AIM OF THE EXERCISE:
Reproduce each of the following records without any deviation.

DATA FOR THIS EXERCISE:
((

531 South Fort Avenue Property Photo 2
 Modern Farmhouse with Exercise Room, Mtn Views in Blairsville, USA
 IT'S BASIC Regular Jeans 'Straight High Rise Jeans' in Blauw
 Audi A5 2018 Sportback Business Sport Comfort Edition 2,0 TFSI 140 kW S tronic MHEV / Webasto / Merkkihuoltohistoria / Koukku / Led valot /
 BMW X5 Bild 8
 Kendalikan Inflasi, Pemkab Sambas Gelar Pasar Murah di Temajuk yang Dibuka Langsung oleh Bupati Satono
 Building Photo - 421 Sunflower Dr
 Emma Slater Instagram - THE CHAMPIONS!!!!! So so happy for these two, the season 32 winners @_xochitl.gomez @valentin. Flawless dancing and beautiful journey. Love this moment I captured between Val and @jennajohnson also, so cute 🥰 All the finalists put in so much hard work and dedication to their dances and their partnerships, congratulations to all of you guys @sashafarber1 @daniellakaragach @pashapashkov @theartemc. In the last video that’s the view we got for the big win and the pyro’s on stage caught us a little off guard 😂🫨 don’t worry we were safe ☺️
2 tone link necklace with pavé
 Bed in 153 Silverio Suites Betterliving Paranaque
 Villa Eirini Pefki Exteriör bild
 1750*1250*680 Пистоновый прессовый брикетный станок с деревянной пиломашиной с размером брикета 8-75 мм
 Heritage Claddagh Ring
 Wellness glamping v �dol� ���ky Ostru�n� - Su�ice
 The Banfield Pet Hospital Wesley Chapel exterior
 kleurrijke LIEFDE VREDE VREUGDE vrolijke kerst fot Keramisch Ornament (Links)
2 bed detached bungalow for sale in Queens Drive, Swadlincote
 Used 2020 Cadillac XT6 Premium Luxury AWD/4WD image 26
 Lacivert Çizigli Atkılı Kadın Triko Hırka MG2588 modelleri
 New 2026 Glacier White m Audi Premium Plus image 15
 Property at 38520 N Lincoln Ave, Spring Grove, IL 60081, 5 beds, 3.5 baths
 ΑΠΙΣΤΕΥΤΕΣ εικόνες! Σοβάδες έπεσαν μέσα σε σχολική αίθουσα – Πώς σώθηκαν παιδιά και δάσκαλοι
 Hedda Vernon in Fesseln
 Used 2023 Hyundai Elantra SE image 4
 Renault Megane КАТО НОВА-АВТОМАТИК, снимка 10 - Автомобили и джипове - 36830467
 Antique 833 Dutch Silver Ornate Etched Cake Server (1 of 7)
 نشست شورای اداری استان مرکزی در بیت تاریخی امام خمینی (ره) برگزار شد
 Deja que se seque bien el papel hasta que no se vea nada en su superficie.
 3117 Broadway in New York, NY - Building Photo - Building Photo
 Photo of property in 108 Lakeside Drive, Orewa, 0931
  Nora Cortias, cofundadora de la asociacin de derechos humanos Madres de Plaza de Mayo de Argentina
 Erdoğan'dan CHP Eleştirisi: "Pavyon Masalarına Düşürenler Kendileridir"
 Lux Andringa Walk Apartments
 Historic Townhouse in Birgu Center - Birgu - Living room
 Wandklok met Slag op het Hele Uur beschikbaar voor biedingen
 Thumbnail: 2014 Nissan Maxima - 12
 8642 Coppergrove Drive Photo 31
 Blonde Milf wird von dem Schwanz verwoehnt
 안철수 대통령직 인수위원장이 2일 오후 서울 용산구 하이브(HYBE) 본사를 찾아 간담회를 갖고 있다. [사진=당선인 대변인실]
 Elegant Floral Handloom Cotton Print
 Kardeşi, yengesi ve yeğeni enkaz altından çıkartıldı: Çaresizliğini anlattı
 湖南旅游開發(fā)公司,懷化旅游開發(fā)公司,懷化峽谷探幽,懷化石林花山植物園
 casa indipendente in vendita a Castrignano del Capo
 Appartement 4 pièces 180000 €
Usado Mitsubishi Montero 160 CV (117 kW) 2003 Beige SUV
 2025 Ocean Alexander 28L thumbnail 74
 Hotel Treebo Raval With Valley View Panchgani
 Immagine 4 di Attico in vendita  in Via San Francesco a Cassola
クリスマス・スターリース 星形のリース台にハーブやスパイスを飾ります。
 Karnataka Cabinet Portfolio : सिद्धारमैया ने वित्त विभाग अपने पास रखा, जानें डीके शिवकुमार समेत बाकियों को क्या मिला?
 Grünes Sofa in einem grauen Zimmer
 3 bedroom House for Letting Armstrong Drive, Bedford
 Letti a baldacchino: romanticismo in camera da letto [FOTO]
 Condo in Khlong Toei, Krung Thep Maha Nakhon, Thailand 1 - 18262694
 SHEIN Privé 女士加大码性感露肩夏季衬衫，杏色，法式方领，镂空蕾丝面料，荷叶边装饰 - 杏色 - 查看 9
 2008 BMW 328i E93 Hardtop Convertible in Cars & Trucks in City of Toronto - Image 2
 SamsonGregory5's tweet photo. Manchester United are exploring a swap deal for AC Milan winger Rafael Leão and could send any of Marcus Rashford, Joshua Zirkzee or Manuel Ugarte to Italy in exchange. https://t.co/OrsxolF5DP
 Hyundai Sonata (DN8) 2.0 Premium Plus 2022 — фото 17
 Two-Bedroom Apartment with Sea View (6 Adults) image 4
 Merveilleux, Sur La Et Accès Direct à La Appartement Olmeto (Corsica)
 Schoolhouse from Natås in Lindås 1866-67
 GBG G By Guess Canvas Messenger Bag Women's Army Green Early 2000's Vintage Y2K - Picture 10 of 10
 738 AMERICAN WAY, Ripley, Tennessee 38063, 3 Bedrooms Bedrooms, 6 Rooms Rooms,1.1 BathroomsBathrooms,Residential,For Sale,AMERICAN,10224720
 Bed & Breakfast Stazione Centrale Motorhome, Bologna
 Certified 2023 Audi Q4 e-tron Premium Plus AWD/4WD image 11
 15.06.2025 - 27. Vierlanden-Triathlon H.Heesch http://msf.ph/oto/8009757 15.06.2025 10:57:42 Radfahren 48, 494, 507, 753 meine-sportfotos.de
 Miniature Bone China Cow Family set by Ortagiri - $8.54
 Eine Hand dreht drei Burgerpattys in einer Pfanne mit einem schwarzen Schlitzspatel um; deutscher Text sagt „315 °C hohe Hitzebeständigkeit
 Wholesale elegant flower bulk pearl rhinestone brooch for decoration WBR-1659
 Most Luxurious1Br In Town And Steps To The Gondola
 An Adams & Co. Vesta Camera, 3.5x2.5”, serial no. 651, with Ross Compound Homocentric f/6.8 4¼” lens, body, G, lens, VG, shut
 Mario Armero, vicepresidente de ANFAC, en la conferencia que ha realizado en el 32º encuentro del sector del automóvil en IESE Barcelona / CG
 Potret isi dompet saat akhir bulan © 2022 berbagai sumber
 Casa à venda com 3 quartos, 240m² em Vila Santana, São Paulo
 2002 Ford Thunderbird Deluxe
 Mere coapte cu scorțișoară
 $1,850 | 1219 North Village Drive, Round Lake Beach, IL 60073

))

RESULT:
531 South Fort Avenue Property Photo 2
 Modern Farmhouse with Exercise Room, Mtn Views in Blairsville, USA
 IT'S BASIC Regular Jeans 'Straight High Rise Jeans' in Blauw
 Audi A5 2018 Sportback Business Sport Comfort Edition 2,0 TFSI 140 kW S tronic MHEV / Webasto / Merkkihuoltohistoria / Koukku / Led valot /
 BMW X5 Bild 8
 Kendalikan Inflasi, Pemkab Sambas Gelar Pasar Murah di Temajuk yang Dibuka Langsung oleh Bupati Satono
 Building Photo - 421 Sunflower Dr
 Emma Slater Instagram - THE CHAMPIONS!!!!! So so happy for these two, the season 32 winners @_xochitl.gomez @valentin. Flawless dancing and beautiful journey. Love this moment I captured between Val and @jennajohnson also, so cute 🥰 All the finalists put in so much hard work and dedication to their dances and their partnerships, congratulations to all of you guys @sashafarber1 @daniellakaragach @pashapashkov @theartemc. In the last video that’s the view we got for the big win and the pyro’s on stage caught us a little off guard 😂🫨 don’t worry we were safe ☺️
2 tone link necklace with pavé
 Bed in 153 Silverio Suites Betterliving Paranaque
 Villa Eirini Pefki Exteriör bild
 1750*1250*680 Пистоновый прессовый брикетный станок с деревянной пиломашиной с размером брикета 8-75 мм
 Heritage Claddagh Ring
 Wellness glamping v �dol� ���ky Ostru�n� - Su�ice
 The Banfield Pet Hospital Wesley Chapel exterior
 kleurrijke LIEFDE VREDE VREUGDE vrolijke kerst fot Keramisch Ornament (Links)
2 bed detached bungalow for sale in Queens Drive, Swadlincote
 Used 2020 Cadillac XT6 Premium Luxury AWD/4WD image 26
 Lacivert Çizigli Atkılı Kadın Triko Hırka MG2588 modelleri
 New 2026 Glacier White m Audi Premium Plus image 15
 Property at 38520 N Lincoln Ave, Spring Grove, IL 60081, 5 beds, 3.5 baths
 ΑΠΙΣΤΕΥΤΕΣ εικόνες! Σοβάδες έπεσαν μέσα σε σχολική αίθουσα – Πώς σώθηκαν παιδιά και δάσκαλοι
 Hedda Vernon in Fesseln
 Used 2023 Hyundai Elantra SE image 4
 Renault Megane КАТО НОВА-АВТОМАТИК, снимка 10 - Автомобили и джипове - 36830467
 Antique 833 Dutch Silver Ornate Etched Cake Server (1 of 7)
 نشست شورای اداری استان مرکزی در بیت تاریخی امام خمینی (ره) برگزار شد
 Deja que se seque bien el papel hasta que no se vea nada en su superficie.
 3117 Broadway in New York, NY - Building Photo - Building Photo
 Photo of property in 108 Lakeside Drive, Orewa, 0931
  Nora Cortias, cofundadora de la asociacin de derechos humanos Madres de Plaza de Mayo de Argentina
 Erdoğan'dan CHP Eleştirisi: "Pavyon Masalarına Düşürenler Kendileridir"
 Lux Andringa Walk Apartments
 Historic Townhouse in Birgu Center - Birgu - Living room
 Wandklok met Slag op het Hele Uur beschikbaar voor biedingen
 Thumbnail: 2014 Nissan Maxima - 12
 8642 Coppergrove Drive Photo 31
 Blonde Milf wird von dem Schwanz verwoehnt
 안철수 대통령직 인수위원장이 2일 오후 서울 용산구 하이브(HYBE) 본사를 찾아 간담회를 갖고 있다. [사진=당선인 대변인실]
 Elegant Floral Handloom Cotton Print
 Kardeşi, yengesi ve yeğeni enkaz altından çıkartıldı: Çaresizliğini anlattı
 湖南旅游開發(fā)公司,懷化旅游開發(fā)公司,懷化峽谷探幽,懷化石林花山植物園
 casa indipendente in vendita a Castrignano del Capo
 Appartement 4 pièces 180000 €
Usado Mitsubishi Montero 160 CV (117 kW) 2003 Beige SUV
 2025 Ocean Alexander 28L thumbnail 74
 Hotel Treebo Raval With Valley View Panchgani
 Immagine 4 di Attico in vendita  in Via San Francesco a Cassola
クリスマス・スターリース 星形のリース台にハーブやスパイスを飾ります。
 Karnataka Cabinet Portfolio : सिद्धारमैया ने वित्त विभाग अपने पास रखा, जानें डीके शिवकुमार समेत बाकियों को क्या मिला?
 Grünes Sofa in einem grauen Zimmer
 3 bedroom House for Letting Armstrong Drive, Bedford
 Letti a baldacchino: romanticismo in camera da letto [FOTO]
 Condo in Khlong Toei, Krung Thep Maha Nakhon, Thailand 1 - 18262694
 SHEIN Privé 女士加大码性感露肩夏季衬衫，杏色，法式方领，镂空蕾丝面料，荷叶边装饰 - 杏色 - 查看 9
 2008 BMW 328i E93 Hardtop Convertible in Cars & Trucks in City of Toronto - Image 2
 SamsonGregory5's tweet photo. Manchester United are exploring a swap deal for AC Milan winger Rafael Leão and could send any of Marcus Rashford, Joshua Zirkzee or Manuel Ugarte to Italy in exchange. https://t.co/OrsxolF5DP
 Hyundai Sonata (DN8) 2.0 Premium Plus 2022 — фото 17
 Two-Bedroom Apartment with Sea View (6 Adults) image 4
 Merveilleux, Sur La Et Accès Direct à La Appartement Olmeto (Corsica)
 Schoolhouse from Natås in Lindås 1866-67
 GBG G By Guess Canvas Messenger Bag Women's Army Green Early 2000's Vintage Y2K - Picture 10 of 10
 738 AMERICAN WAY, Ripley, Tennessee 38063, 3 Bedrooms Bedrooms, 6 Rooms Rooms,1.1 BathroomsBathrooms,Residential,For Sale,AMERICAN,10224720
 Bed & Breakfast Stazione Centrale Motorhome, Bologna
 Certified 2023 Audi Q4 e-tron Premium Plus AWD/4WD image 11
 15.06.2025 - 27. Vierlanden-Triathlon H.Heesch http://msf.ph/oto/8009757 15.06.2025 10:57:42 Radfahren 48, 494, 507, 753 meine-sportfotos.de
 Miniature Bone China Cow Family set by Ortagiri - $8.54
 Eine Hand dreht drei Burgerpattys in einer Pfanne mit einem schwarzen Schlitzspatel um; deutscher Text sagt „315 °C hohe Hitzebeständigkeit
 Wholesale elegant flower bulk pearl rhinestone brooch for decoration WBR-1659
 Most Luxurious1Br In Town And Steps To The Gondola
 An Adams & Co. Vesta Camera, 3.5x2.5”, serial no. 651, with Ross Compound Homocentric f/6.8 4¼” lens, body, G, lens, VG, shut
 Mario Armero, vicepresidente de ANFAC, en la conferencia que ha realizado en el 32º encuentro del sector del automóvil en IESE Barcelona / CG
 Potret isi dompet saat akhir bulan © 2022 berbagai sumber
 Casa à venda com 3 quartos, 240m² em Vila Santana, São Paulo
 2002 Ford Thunderbird Deluxe
 Mere coapte cu scorțișoară
 $1,850 | 1219 North Village Drive, Round Lake Beach, IL 60073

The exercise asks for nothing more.